O Povo encaminhou um e-mail na noite da última quinta-feira, 18, à Secretaria da Segurança Pública e Defesa Social do Estado do Ceará (SSPDS-CE) solicitando mais informações a respeito do caso. Contudo, até o fechamento da matéria não houve resposta.
Defesa de filha abusada pelo pai alerta sobre comportamento do homem
Segundo a defesa da cearense que escreveu a carta, mesmo com a pena prescrita, denunciar os crimes cometidos pelo suspeito é importante para alertar sobre o comportamento dele, que segue livre. Vítima aponta que o homem atualmente se divide entre moradias de Juazeiro do Norte e Pernambuco.
“Vejo esse caso como ainda não perdido. Eu considero que ainda exista espaço para que eu, como advogado, possa proceder perante as delegacias. No sentido de apurar justamente crimes de pedofilia e crimes cibernéticos (que o suspeito possa ter cometido). Porque se trata de um criminoso habitual, porque pelas inúmeras vítimas que ele colecionou, ele demostra que tem um método, uma maneira recorrente de atuar”, conta Gabriel da Ressurreição Galdino, advogado da caririense.
O representante ainda cita que as denúncias são necessárias para ajudar a encontrar possíveis vítimas recentes. “Há uma possibilidade de que talvez esse infrator esteja atualmente cometendo crime, só que ainda não foi aos olhos do Estado, mas cabe apuração.”
A vítima que escreveu a carta diz saber que o pai não deve mais responder judicialmente pelo que fez com ela.
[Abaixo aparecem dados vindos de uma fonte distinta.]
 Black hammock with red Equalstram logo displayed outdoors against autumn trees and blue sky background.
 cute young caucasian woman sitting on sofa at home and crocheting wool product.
No entanto, a carirense guarda a esperança de que o relato ajude outras mulheres a encontrarem justiça pelo sofrimento emocional e psíquico causado pelo homem. Além disso, espera que mães, pais e avós sejam alertados de que, muita vezes, o “monstro” está próximo ou em meio ao próprio seio familiar.
Em razão desse propósito, ela finaliza a carta com um apelo: “É impressionante como quase 100% dos casos (de violência sexual) é de alguém próximo à família. Posso afirmar que estou sendo “salva” por ter tido a coragem, a responsabilidade e a atitude de quebrar esse silêncio. Torço para que em algum momento a justiça seja feita e que alguma vítima recente possa ler esse relato e denuncie! Não permitam que essa águia sobrevoe grandes altitudes e escolha mais uma vítima vulnerável, mais uma criança”.